O preço de um incidente no Brasil
O custo médio de um vazamento de dados no Brasil chegou a R$ 7,19 milhões, após alta anual de 6,5%. O recorte por setor é ainda mais duro: saúde lidera, com prejuízo médio acima de R$ 11 milhões, seguida por finanças e serviços.
São números que costumam ser lidos como estatística distante até a primeira notificação. Vale destrinchar o que está dentro deles, porque a composição explica por que o valor é tão alto: contenção e perícia, notificação de titulares, custo jurídico, sanção regulatória, e a parcela maior de todas, que é perda de negócio pelo tempo em que o sistema fica indisponível ou sob suspeita.
Como os ataques estão entrando agora
Duas técnicas dominam os relatos recentes e as duas contornam justamente as defesas que as empresas passaram os últimos anos implantando.
Roubo de cookie de sessão
A autenticação multifator virou padrão — e os atacantes pararam de tentar derrotá-la. Em vez de roubar senha e segundo fator, roubam o cookie de sessão já autenticado, geralmente por malware no dispositivo do usuário ou por phishing que intermedia o login.
Com o cookie válido em mãos, o invasor entra sem passar por MFA nenhum, porque do ponto de vista do sistema ele já passou. É por isso que "temos MFA" deixou de ser resposta suficiente para a pergunta sobre acesso indevido.
A mitigação existe e é pouco adotada: sessões curtas para acesso privilegiado, vínculo da sessão a características do dispositivo, reautenticação para operação sensível, e monitoramento de sessão ativa em geografia ou horário incompatível.
A porta do fornecedor
A segunda via de entrada é a cadeia de suprimentos. O atacante não invade a empresa grande — invade o fornecedor pequeno que tem acesso ao ambiente dela: a integradora, a agência com credencial de publicação, o parceiro com chave de API válida.
Esse vetor cresceu porque a superfície cresceu. Toda empresa digital hoje concede acesso a dezenas de terceiros, e a maior parte desses acessos foi criada para um projeto que acabou e nunca foi revogada.
O inventário que quase ninguém tem
Há um exercício simples que costuma render mais que qualquer ferramenta nova: listar todas as credenciais de terceiros ativas no ambiente — chaves de API, usuários de integração, acessos de suporte, tokens em pipeline de CI, webhooks configurados anos atrás.
A lista quase sempre é maior do que a memória do time, contém acessos de fornecedores que não trabalham mais com a empresa e inclui chaves com permissão muito acima do necessário para a função que exerciam.
Revogar o que sobrou e reduzir escopo do que ficou é trabalho de dias e fecha a via de entrada que mais cresce.
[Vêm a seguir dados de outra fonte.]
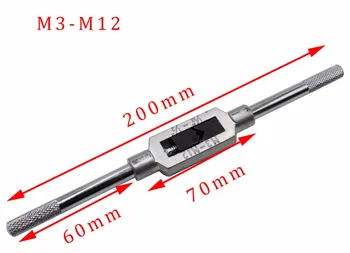 Noi 6pcs 3F Mână Filet Metric Plug Atingeți Set M3 M4 M5 M6 M8 cu Robinet Reglabil Cheie 1/16-1/4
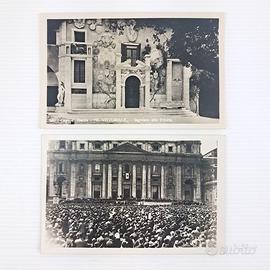 Lotto 2 foto-cartoline "Il Vittoriale e Vaticano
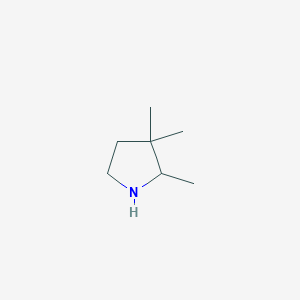 molecular formula C7H15N B1456877 2,3,3-三甲基吡咯烷 CAS No. 23461-71-4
A camada regulatória mudou junto
O cálculo de risco de um incidente também mudou de lado. A ANPD passou a operar como agência reguladora, com autonomia ampliada e expansão relevante de equipe, e colocou dados biométricos, de saúde e financeiros entre as prioridades de fiscalização do semestre.
Na prática, um vazamento que há três anos gerava desgaste de imagem e um comunicado, hoje encontra do outro lado uma autoridade com estrutura para instaurar processo e capacidade de acompanhar o caso até o fim.
O que sustenta a defesa nesse cenário não é a ausência de incidente — nenhuma empresa garante isso. É a documentação de que existiam controles razoáveis, registro do que aconteceu, e notificação feita no prazo e com conteúdo adequado. Essa documentação, como sempre, é a coisa que ninguém escreve antes de precisar.